ISBN 978-2-7606-3299-8
1. Paysages agricoles - Québec (Province). 2. Aménagement du territoire - Québec (Province). I. Ruiz, Julie. II. Domon, Gérald, 1957- . III. Collection: Paramètres.
GF91.C3A37 2014 333.7309714 C2013-942465-2
Dépôt légal: 1 er trimestre 2014
Bibliothèque et Archives nationales du Québec
© Les Presses de l’Université de Montréal, 2014
ISBN (papier) 978-2-7606-3299-8
ISBN (ePub) 978-2-7606-3301-8
ISBN (pdf) 978-2-7606-3300-1
Les Presses de l’Université de Montréal reconnaissent l’aide financière du gouvernement du Canada par l’entremise du Fonds du livre du Canada pour leurs activités d’édition.

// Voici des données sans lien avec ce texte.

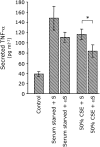 <b>Figure 6.</b>
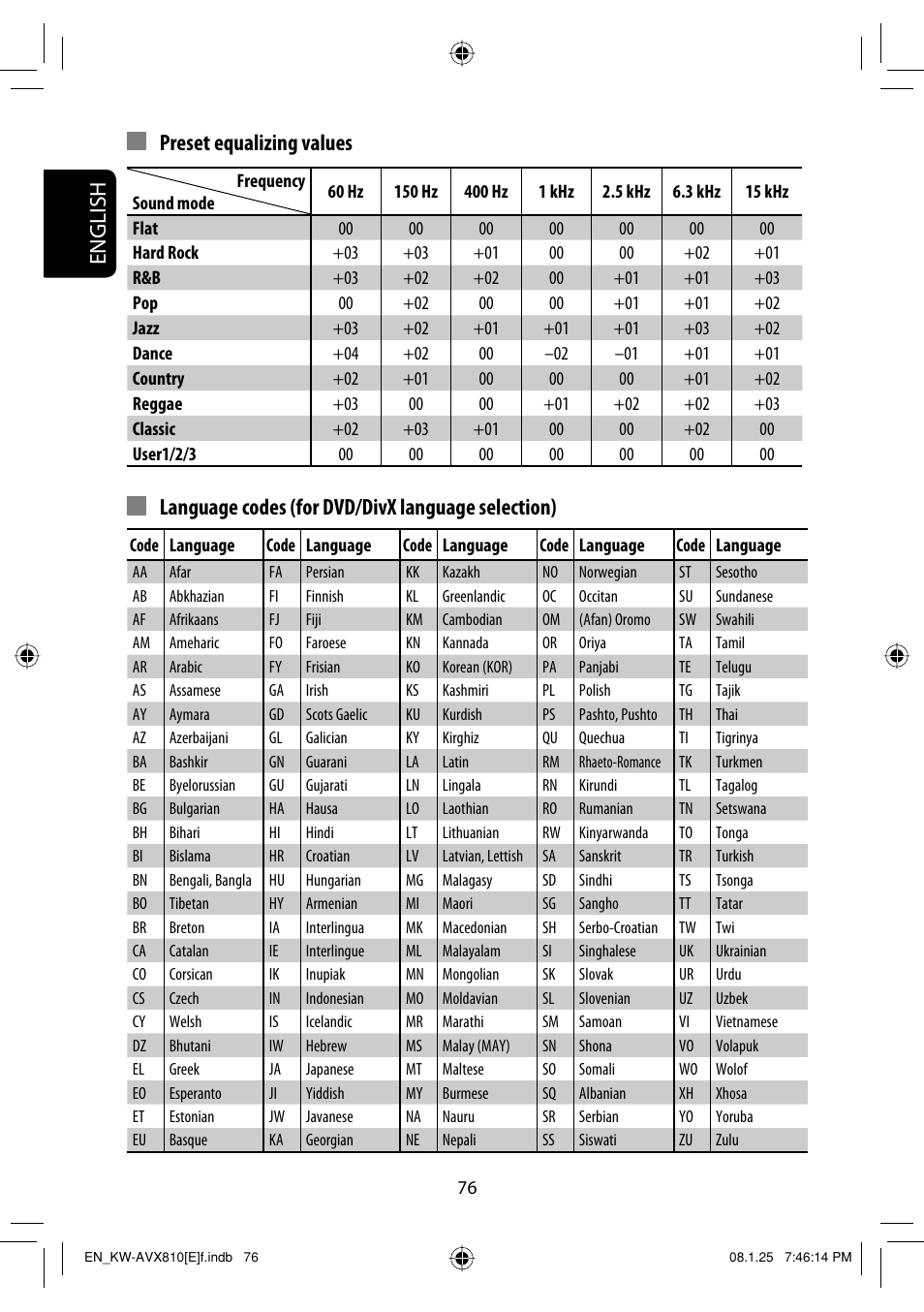 English, Preset equalizing values, Language codes (for dvd/divx language selection) | JVC KW-AVX810 User Manual | Page 76 / 331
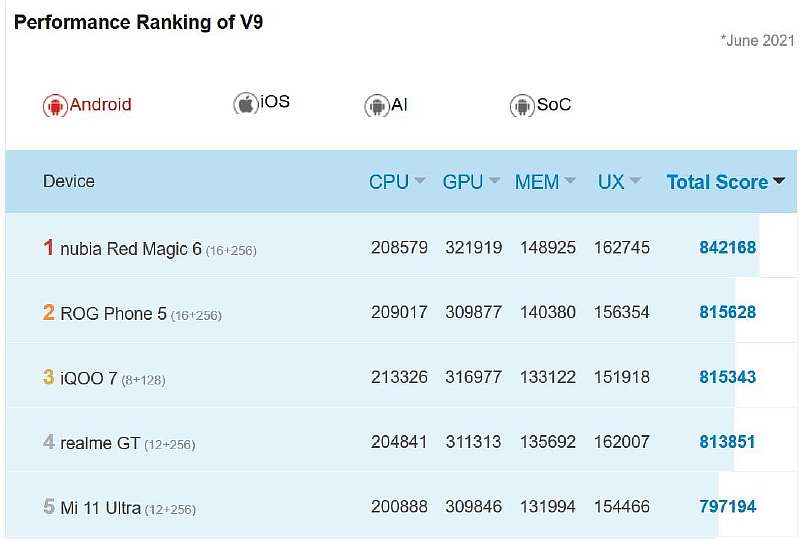 Мощнейший Android-флагман отдают за гроши. Будете жалеть, если не закажете сейчас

Les Presses de l’Université de Montréal remercient de leur soutien financier le Conseil des Arts du Canada et la Société de développement des entreprises culturelles du Québec (SODEC).
IMPRIMÉ AU CANADA
AVANT-PROPOS
Agriculture et paysage, premier regard
Lionel Levac
Quelles sont les images que nous projette le Québec rural? Comment et pourquoi sont-elles aujourd’hui différentes et parfois désolantes? Avant de plonger dans la lecture d’analyses plus techniques et scientifiques de ces deux questions, il peut être utile de proposer un point de vue plus «impressionniste» et faire part d’observations issues de plusieurs années passées à parcourir le Québec rural, à rencontrer les gens qui y vivent et à observer ce qui se passe dans les fermes.

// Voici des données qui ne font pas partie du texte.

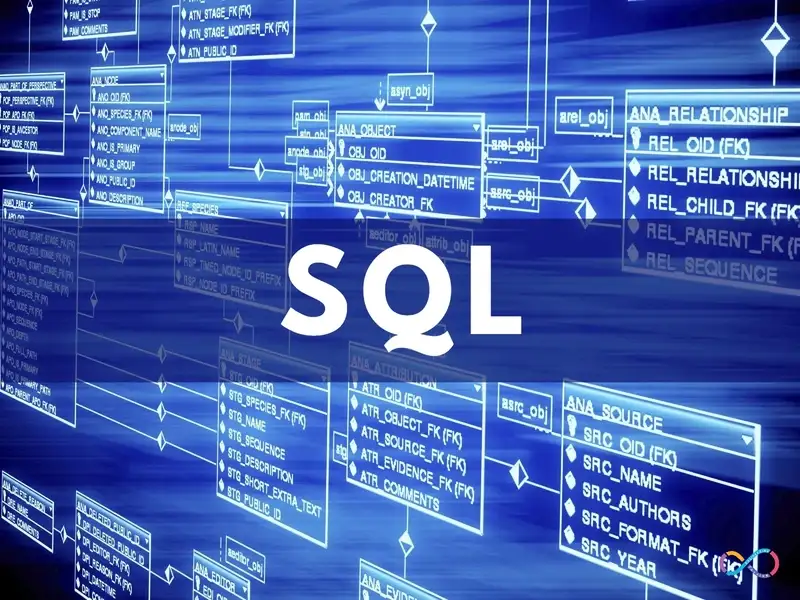 SQL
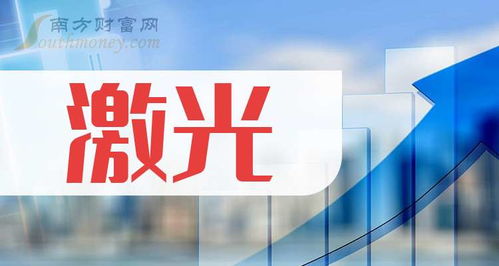 2024年激光上市龍頭企業名單來了（附股）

Insistons d’abord sur la différence entre environnement et paysage, deux notions à ne pas confondre. Respecter l’environnement ne signifie pas du tout, pas automatiquement du moins, offrir à l’œil un environnement agréable, évocateur des richesses du milieu et respectueux des éléments du patrimoine dans lequel ont évolué les générations précédentes. Il y a un grand nombre de fermes qui se conforment en tous points aux règles environnementales mais qui offrent un paysage triste, dénudé, pas du tout harmonieux.

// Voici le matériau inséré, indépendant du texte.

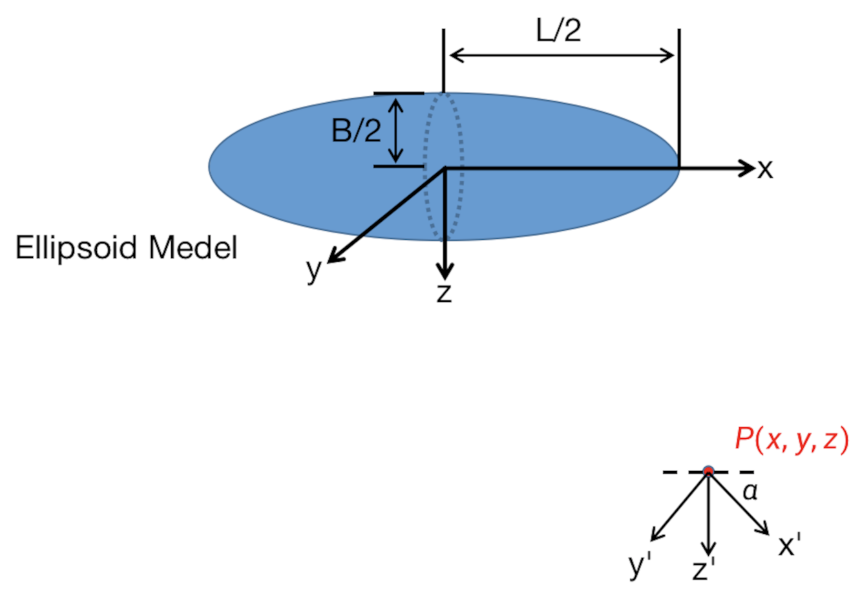 Electronics 10 00784 g001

Malheureusement, dans nos politiques gouvernementales, dans les mesures d’appui et de soutien, dans l’organisation et la régie d’une ferme, comme dans tellement d’autres secteurs d’activités dans notre société, très peu d’actions sont synchronisées, sont harmonisées. Et d’ailleurs, comment en arriver à influer positivement sur le paysage simultanément à la mise en place de nouveaux équipements, de nouvelles façons de faire. Une «belle» ferme du point de vue d’un agriculteur ne sera souvent pas agréable à voir pour le promeneur. À l’inverse, des fermes belles, aux décors bucoliques, qui projettent de véritables images d’Épinal aux touristes, aux urbains, seront souvent perçues comme archaïques par des exploitants agricoles qui ne conçoivent pas que l’on puisse faire de la production agricole à travers des fleurs, des haies, des bosquets, des bâtiments aux couleurs assorties à celles de la maison sur des parcelles entourées de fossés eux-mêmes bordés d’arbres, avec des vaches qui se promènent librement. Pour un certain nombre d’agriculteurs, tout cela constitue plutôt des problèmes, des contraintes, des difficultés.
Mais attention, je ne peux aucunement trancher aussi radicalement entre ce qui est beau et ce qui ne l’est pas. Des fermes ultramodernes offrent aussi à l’occasion des décors fort agréables et s’harmonisant bien avec l’environnement, avec le décor avoisinant. Il faut probablement faire du cas par cas si l’on veut qualifier une ferme et une autre.
Abordons donc la question par le biais des pratiques agricoles, des façons de cultiver la terre et d’élever les animaux. Ce sont d’ailleurs ces pratiques qui ont influencé le paysage agricole québécois, sinon carrément modelé le paysage agricole, depuis que la terre a ici une vocation agricole. Les maisons, le bungalow urbain, le «pavillon» de banlieue transposés en décor champêtre, ce n’est souvent pas très heureux. Mais cette maison de banlieue est apparue pour nombre de familles agricoles comme une façon de se rapprocher de la vie de la ville qu’elles enviaient. Mais à vouloir copier la ville, on en reproduit les fautes. La brique rose, la tôle orange vif, le petit «clin» fade appliqué à tous les bâtiments et qui en dissimule tout détail, toute particularité architecturale, tout cela détonne souvent.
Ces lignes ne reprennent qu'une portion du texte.